Além desses fatores, a falta de uma ZA na Resex Acaú-Goiana, que abrange áreas estuarinas e marinhas fundamentais para a sobrevivência de comunidades tradicionais que dependem da pesca artesanal, também prejudica a sobrevivência dessa população. “O mapas das atividades produtivas realizadas pelas famílias beneficiárias da Resex apontou que a produção pesqueira se estende para além dos limites da UC, sobretudo, em se tratando da pesca de camarão, peixes e goiamum — inclusive, este último encontra-se na lista de espécies ameaçadas de extinção”, destacou.
De forma institucional, há um grupo de trabalho voltado a estabelecer critérios para a delimitação de zona de amortecimento e a sua normatização. No caso específico da Resex Acaú-Goiana, isso também foi debatido com representações da comunidade pesqueira da região, durante uma oficina para elaborar o plano de manejo. Porém, como ainda não é possível, ao ICMBio, delimitar essa área, pela falta de um decreto específico, não há um cronograma estipulado para a sua implementação.
Comunidades tradicionais
Severino Antônio dos Santos, secretário do Conselho Pastoral dos Pescadores e Pescadoras (CPP-NE2) e membro titular do Conselho Deliberativo da Resex Acaú-Goiana, acompanha as atividades da região desde 1998. Segundo ele, o processo de mobilização em prol da criação da Resex Acaú-Goiana começou ainda nos anos 1990, pela própria comunidade.
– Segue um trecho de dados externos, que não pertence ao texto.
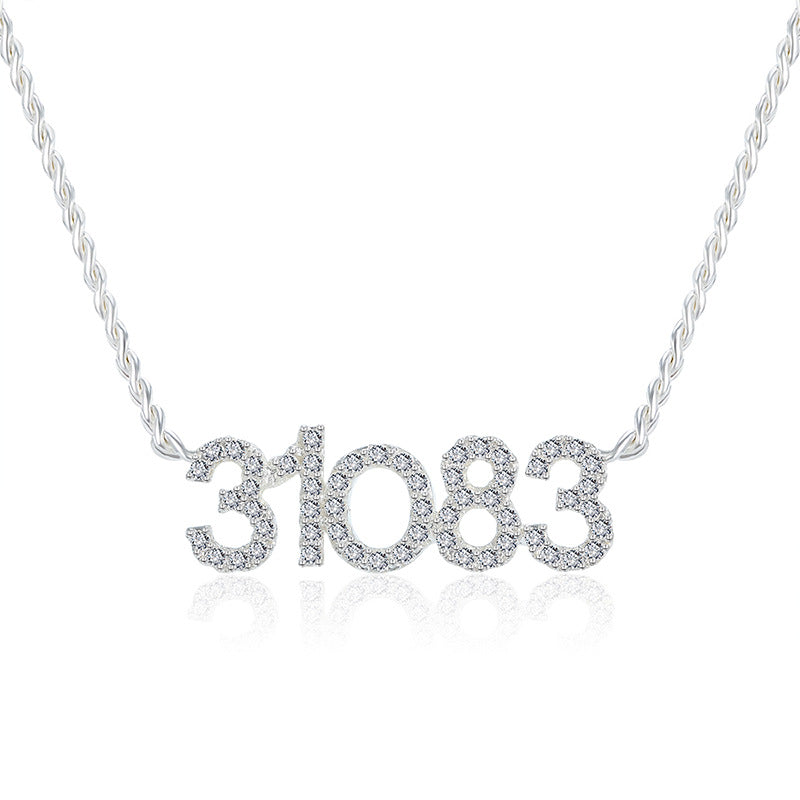 Full Diamond Name Letter Necklace LUZGRAPHICJEWELRY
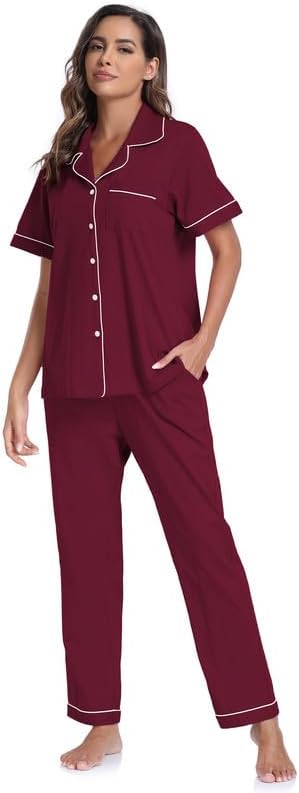 CF Womens 100% Cotton Pajamas Set Button Down Pjs Sets Short Sleeve Top & Long Pants Sleepwear Comfy Loungewear with Pockets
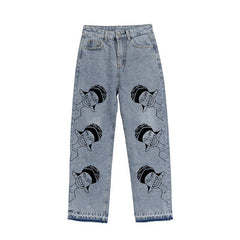 ANIME PRINT HIGH WAIST WASHED DENIM JEANS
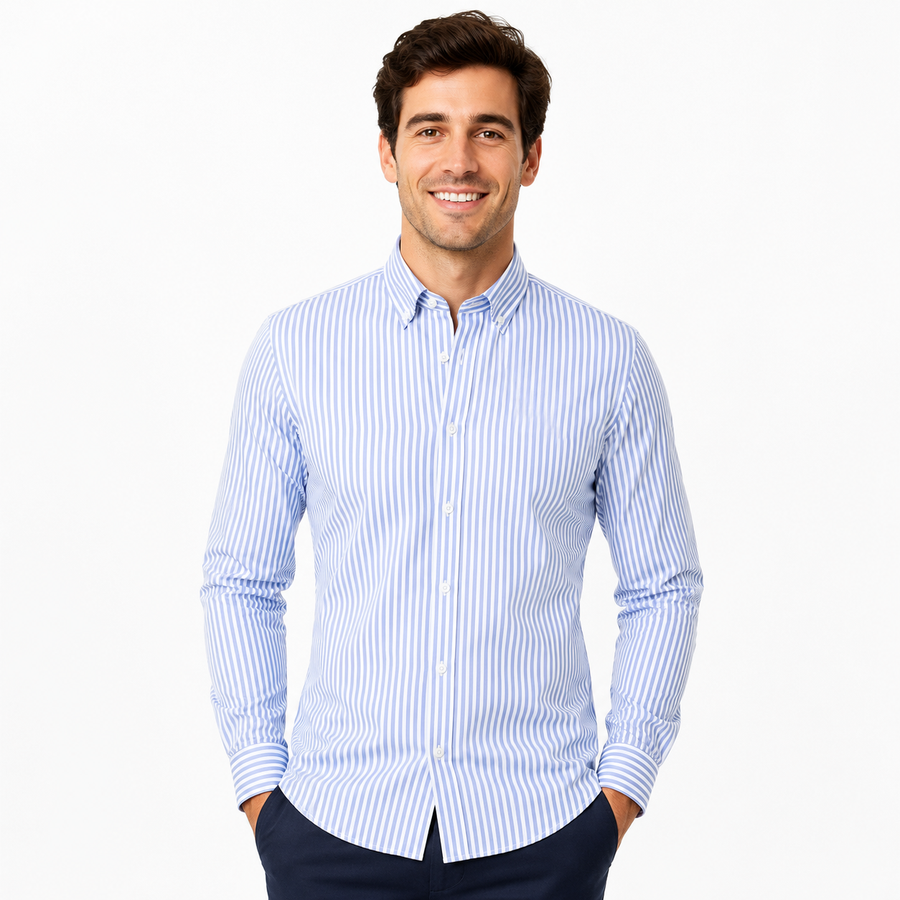 Men's striped slim-fit long-sleeve shirt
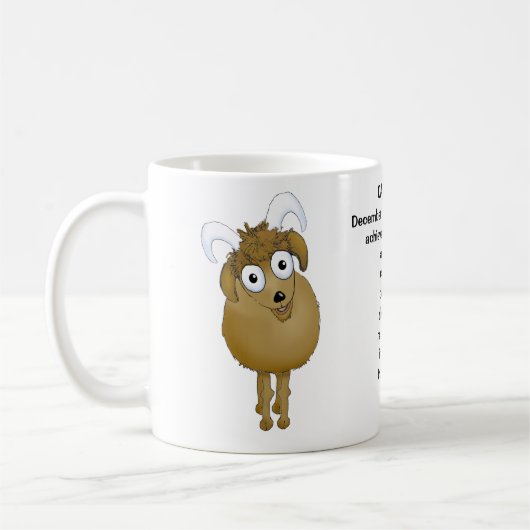 リストされている特性の漫画の山羊座のヤギ コーヒーマグカップ (左)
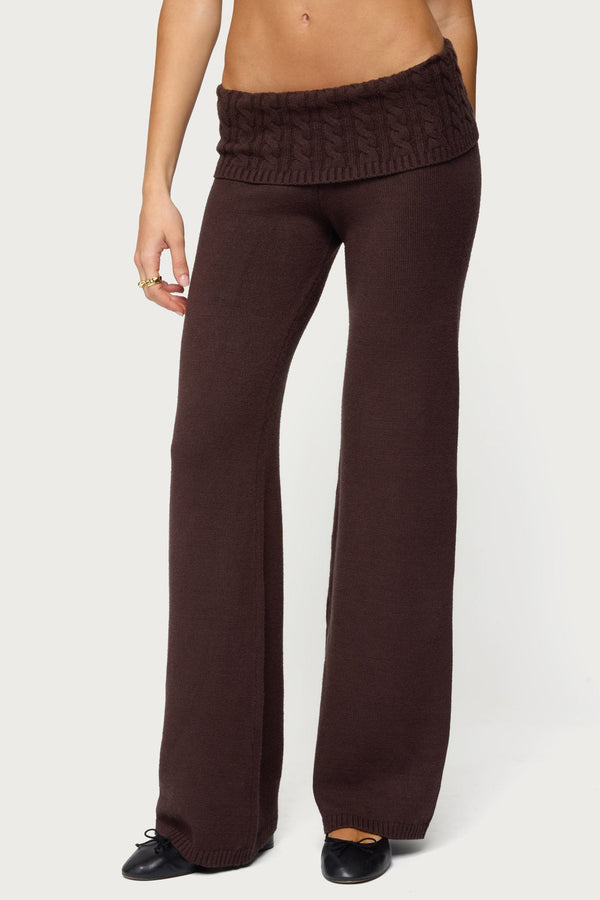 Lula Cable Knit Foldover Trousers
A criação da área, efetivada em 2007, não contemplou a delimitação da ZA, o que vem ameaçando a reserva. “O território da Resex está limitado às áreas de preamar. No entanto, a área do entorno da unidade vem passando por várias modificações antrópicas, principalmente com instalação de empreendimentos de grande porte”, afirmou.
Conforme ele contou, no entorno, há fazendas de criação de camarão, fábrica de cimento e canaviais, além de polos automotivo e farmacoquímico e a possível instalação de um terminal de combustível e de um porto flutuante na área, sem falar na especulação imobiliária. “A delimitação da ZA não impedirá a instalação ou a ampliação desses e de outros empreendimentos econômicos na região, mas, com ela, será possível gerir melhor esse processo e reduzir impactos e conflitos socioambientais”, disse.
*Matéria publicada originalmente na edição impressa do dia 19 de setembro de 2024.